Search code examples
graphgephigraph-visualization

Layout for a family tree


I have a dataset of DNA relationships (as a percent match) between myself and few hundred relatives, almost all distant relatives. I also have data on DNA relationships between each of them and certain other members in the dataset.

I'm hoping to build a network graph that shows the interrelationships and have Gephi build something that loosely resembles a family tree. But even using a small sample database I can't get the resulting graph to look anything like that.

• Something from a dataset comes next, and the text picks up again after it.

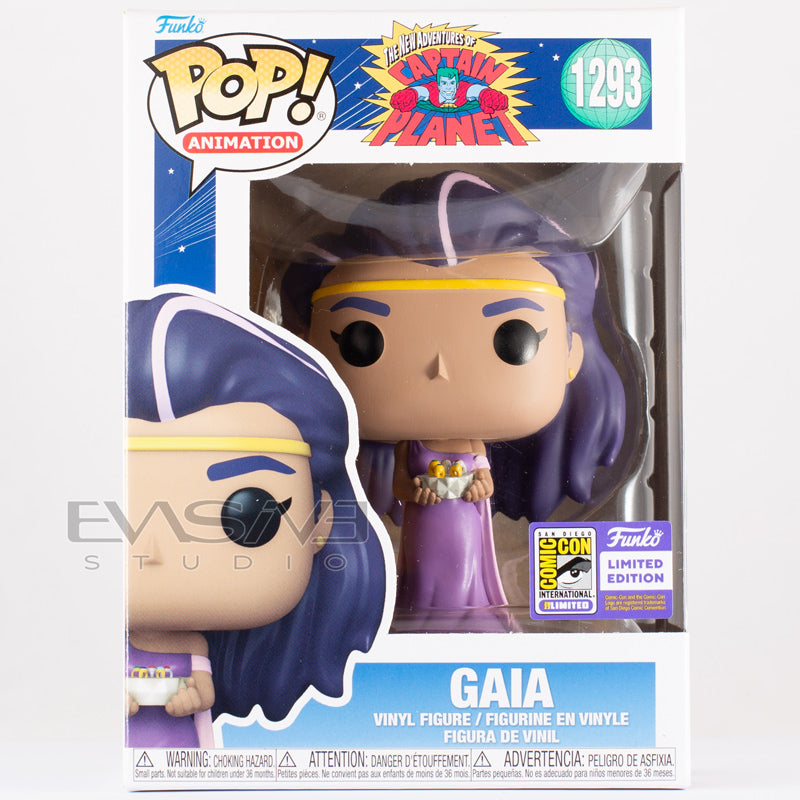 Gaia The New Adventures of Captain Planet Funko POP! Official SDCC 2023 Exclusive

I want each relationship (i.e. edge) to have a "force" related to the closeness of the relationship, so distant relatives (nodes) are pushed further away. I want the graph to self-assemble based on these "forces" and assume there is a layout for this, but I haven't found one.

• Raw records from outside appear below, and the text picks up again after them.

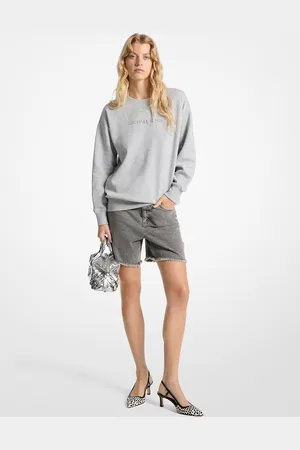Michael Kors MK Pullover girocollo con logo in rilievo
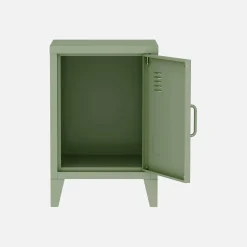 Mesita industrial con 1 puerta, set de 2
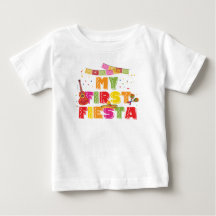 First Fiesta Girl Birthday T-shirt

I'm currently putting the DNA relationship in the weight column, and not using the interval column at all. But even using just 8 relatives and artificially perfect data I have to manually move nodes around to make it look remotely useful.

What layout should I use for this type of graph, and what other advice can you offer to make this work? Should the weight field increase or decrease as relationship distance increases?


Solution

  • … and have Gephi build something that loosely resembles a family tree. But even using a small sample database I can't get the resulting graph to look anything like that.

    A family tree connects descendants (mostly). DNA similarity (as a percentage) does not conform to this structure. Related questions may be answered here.

    Setting a Library > Edges > Edge Weight -filter to the DNA similarity attribute may help (but will not produce "something that loosely resembles a family tree").

    I want each relationship (i.e. edge) to have a "force" related to the closeness of the relationship, so distant relatives (nodes) are pushed further away. I want the graph to self-assemble based on these "forces" …

    All layouts work like that. However, Gephi does not feature hierarchical positioning. 3rd party candidates include EventGraphLayout, Layered Layout and Concentric Layout.

    Should the weight field increase or decrease as relationship distance increases?

    The greater an edge's weight, the stronger its connection (resulting in less distance between the nodes it connects). To a family tree however this is irrelevant.

     

    I'm hoping to build a network graph that shows the interrelationships between each member …

     

    What layout should I use for this type of graph, and what other advice can you offer to make this work?

    Following steps emphasize clustering and modularity:

    1. Calculate modularity.

      enter image description here

    2. Color nodes by modularity class:
      Appearance > Nodes > Partition > Modularity Class

    3. Apply a layout; ForceAtlas 2 for example (with Dissuade Hubs, LinLog mode and Prevent Overlap enabled).

    Apply the Contraction layout afterwards if necessary. Optionally set node size according to (for example) Eigenvector Centrality (prior to applying layout).